Despite my constant complaints, I must confess that there are some good things about getting older. (I love that euphemism, by the way: “getting older.” Older than what?) Here’s ten things that have made rounding the bend into my fourth decade a little less painful:
1. I have a laser printer. After decades of anguish and tears, the days of waging war with my piece ’o crap inkjet are officially over. The Hub and I have been discussing this grand investment for a decade but never felt we were in a financial position to live so extravagantly. Then last week out of the clear blue sky, he brought one home. I could have kissed him, but I didn’t–I told him to open the box and hook that thing up now. Sometimes I print things out just for fun. (Do you need any recipes?)

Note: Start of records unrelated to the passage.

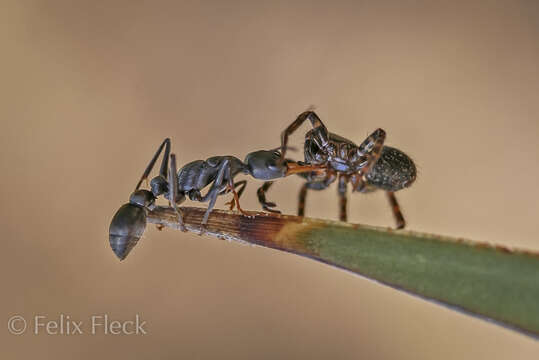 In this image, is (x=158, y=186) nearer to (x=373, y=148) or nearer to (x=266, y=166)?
(x=266, y=166)

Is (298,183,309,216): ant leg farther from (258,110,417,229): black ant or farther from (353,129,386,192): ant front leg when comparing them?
(353,129,386,192): ant front leg

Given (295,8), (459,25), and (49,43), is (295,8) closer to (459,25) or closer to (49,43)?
(459,25)

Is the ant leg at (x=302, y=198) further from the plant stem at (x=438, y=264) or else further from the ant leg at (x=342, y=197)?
the plant stem at (x=438, y=264)

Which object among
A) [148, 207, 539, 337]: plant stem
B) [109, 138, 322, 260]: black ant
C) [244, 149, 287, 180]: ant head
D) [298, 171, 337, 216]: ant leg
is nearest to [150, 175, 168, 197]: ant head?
[109, 138, 322, 260]: black ant

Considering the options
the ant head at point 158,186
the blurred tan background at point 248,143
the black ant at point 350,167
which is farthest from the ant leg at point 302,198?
the blurred tan background at point 248,143

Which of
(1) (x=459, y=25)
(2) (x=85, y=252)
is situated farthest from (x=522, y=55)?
(2) (x=85, y=252)

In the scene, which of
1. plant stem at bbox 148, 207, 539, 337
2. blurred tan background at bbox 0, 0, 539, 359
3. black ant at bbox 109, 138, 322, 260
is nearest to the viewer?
plant stem at bbox 148, 207, 539, 337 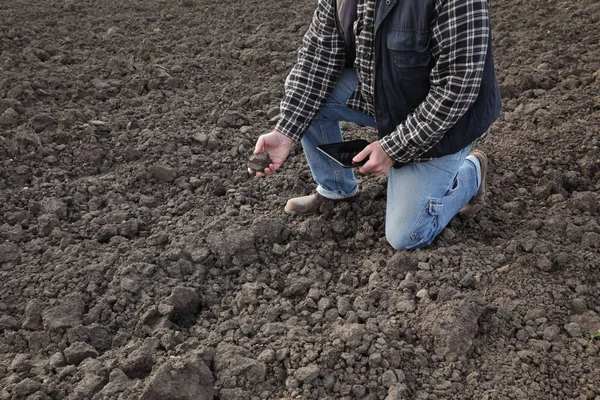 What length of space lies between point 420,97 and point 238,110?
5.90 feet

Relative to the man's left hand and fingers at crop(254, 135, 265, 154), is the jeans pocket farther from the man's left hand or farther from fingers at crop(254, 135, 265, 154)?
fingers at crop(254, 135, 265, 154)

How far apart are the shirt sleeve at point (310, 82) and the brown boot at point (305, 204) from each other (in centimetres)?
35

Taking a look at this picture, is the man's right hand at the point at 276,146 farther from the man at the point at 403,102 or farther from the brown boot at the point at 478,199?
the brown boot at the point at 478,199

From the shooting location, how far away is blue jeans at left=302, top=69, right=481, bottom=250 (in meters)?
2.91

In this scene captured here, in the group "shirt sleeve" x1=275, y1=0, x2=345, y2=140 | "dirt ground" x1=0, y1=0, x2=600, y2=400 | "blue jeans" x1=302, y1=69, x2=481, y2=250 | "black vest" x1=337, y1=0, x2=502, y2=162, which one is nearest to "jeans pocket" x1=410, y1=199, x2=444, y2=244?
"blue jeans" x1=302, y1=69, x2=481, y2=250

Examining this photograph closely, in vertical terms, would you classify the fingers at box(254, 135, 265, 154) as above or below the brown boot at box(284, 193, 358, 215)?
above

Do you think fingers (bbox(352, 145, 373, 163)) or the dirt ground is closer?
the dirt ground

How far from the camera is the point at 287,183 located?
11.7 feet

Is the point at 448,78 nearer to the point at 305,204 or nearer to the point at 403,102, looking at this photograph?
the point at 403,102

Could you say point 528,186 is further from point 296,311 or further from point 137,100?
point 137,100

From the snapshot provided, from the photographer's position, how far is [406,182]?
2.92 m

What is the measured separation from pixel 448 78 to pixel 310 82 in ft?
2.28

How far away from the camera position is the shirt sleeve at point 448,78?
247 cm

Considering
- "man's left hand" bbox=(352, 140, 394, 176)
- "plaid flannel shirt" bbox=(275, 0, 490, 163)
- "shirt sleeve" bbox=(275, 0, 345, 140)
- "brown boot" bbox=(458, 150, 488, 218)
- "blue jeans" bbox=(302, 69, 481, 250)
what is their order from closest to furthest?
"plaid flannel shirt" bbox=(275, 0, 490, 163) < "man's left hand" bbox=(352, 140, 394, 176) < "blue jeans" bbox=(302, 69, 481, 250) < "shirt sleeve" bbox=(275, 0, 345, 140) < "brown boot" bbox=(458, 150, 488, 218) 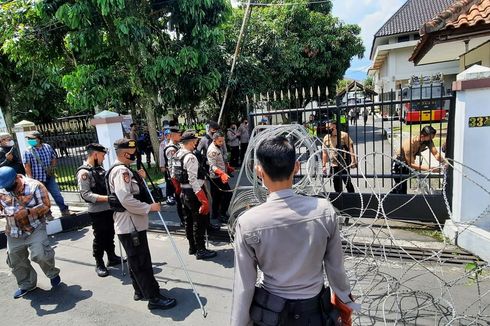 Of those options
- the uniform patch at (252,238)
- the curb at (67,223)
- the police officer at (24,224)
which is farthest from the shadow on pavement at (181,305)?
the curb at (67,223)

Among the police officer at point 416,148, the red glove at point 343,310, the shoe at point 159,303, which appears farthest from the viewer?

2. I no longer worry about my crow’s feet. Because now the wrinkles around my mouth and forehead have gotten so deep, my crow’s feet look like beauty marks. The same thing is happening with my tush, which has always been sized a bit too large for my liking. Lately, my tummy has taken precedence as an Area of Concern, which is really quite wonderful for my tush, which seems smaller the bigger my tummy gets. I suppose my next order of business will be to find some “older” (than old) friends. Then my tummy and tush will look young, if not small. It’s all about perspective, people.
3. I get pedicures. This is a luxury that was unimaginable in my “younger” days. But over the last few years I’ve allowed myself to occasionally indulge in them, and over the last year they’ve emerged as a shiny new necessity. (I’m big on New Necessities, like Charmin toilet paper and paying someone to wash my windows.) The best part is that my toenails have yet to wrinkle with age, so I can observe the pedicure with some measure of pride–which is more than I can say about the mammograms that I’m now, as an “older person” being subjected to.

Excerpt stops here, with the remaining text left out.